Start of RECORDS PROVIDED
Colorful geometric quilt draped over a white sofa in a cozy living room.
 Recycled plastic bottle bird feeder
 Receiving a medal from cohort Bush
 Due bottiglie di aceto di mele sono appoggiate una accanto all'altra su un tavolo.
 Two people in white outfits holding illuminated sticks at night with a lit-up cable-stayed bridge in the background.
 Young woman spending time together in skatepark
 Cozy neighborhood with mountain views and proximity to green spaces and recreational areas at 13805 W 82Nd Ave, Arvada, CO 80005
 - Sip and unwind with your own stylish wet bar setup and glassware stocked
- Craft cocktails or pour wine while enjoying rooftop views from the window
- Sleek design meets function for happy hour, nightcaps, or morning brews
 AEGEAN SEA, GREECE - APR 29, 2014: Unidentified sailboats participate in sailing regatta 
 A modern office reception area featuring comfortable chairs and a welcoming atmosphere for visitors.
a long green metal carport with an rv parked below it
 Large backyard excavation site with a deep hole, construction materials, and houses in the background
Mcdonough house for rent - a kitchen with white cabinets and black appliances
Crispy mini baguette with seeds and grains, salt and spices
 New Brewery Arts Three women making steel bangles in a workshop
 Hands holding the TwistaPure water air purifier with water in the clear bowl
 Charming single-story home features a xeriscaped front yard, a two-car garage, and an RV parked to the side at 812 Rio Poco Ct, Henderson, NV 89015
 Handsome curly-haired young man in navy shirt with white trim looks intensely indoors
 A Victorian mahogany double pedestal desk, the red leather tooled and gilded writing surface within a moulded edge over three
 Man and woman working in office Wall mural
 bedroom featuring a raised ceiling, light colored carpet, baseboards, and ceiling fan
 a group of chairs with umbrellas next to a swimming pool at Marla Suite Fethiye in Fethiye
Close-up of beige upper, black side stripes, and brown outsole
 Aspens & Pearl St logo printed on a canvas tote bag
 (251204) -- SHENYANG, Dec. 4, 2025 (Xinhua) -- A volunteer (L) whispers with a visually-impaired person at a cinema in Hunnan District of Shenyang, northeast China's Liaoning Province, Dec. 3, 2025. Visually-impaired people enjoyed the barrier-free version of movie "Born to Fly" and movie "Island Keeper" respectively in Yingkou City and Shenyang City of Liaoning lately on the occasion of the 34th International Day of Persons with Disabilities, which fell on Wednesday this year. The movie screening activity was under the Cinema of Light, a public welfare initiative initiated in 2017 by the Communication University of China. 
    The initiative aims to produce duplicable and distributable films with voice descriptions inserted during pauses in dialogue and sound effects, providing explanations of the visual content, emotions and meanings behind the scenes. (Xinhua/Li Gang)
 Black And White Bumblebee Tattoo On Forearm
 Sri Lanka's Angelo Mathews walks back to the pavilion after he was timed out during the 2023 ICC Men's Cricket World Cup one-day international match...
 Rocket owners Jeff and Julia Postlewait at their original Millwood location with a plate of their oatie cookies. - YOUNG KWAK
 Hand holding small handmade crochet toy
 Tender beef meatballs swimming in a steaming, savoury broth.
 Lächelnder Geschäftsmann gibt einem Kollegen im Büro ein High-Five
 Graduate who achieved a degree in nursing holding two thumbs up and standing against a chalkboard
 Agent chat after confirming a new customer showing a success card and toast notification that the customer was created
End of RECORDS PROVIDED
WORK REQUEST: Every line in the entries above that mentions the word "holding" must be shown.

WRITTEN ANSWER:
 Two people in white outfits holding illuminated sticks at night with a lit-up cable-stayed bridge in the background.
 Hands holding the TwistaPure water air purifier with water in the clear bowl
 Hand holding small handmade crochet toy
 Graduate who achieved a degree in nursing holding two thumbs up and standing against a chalkboard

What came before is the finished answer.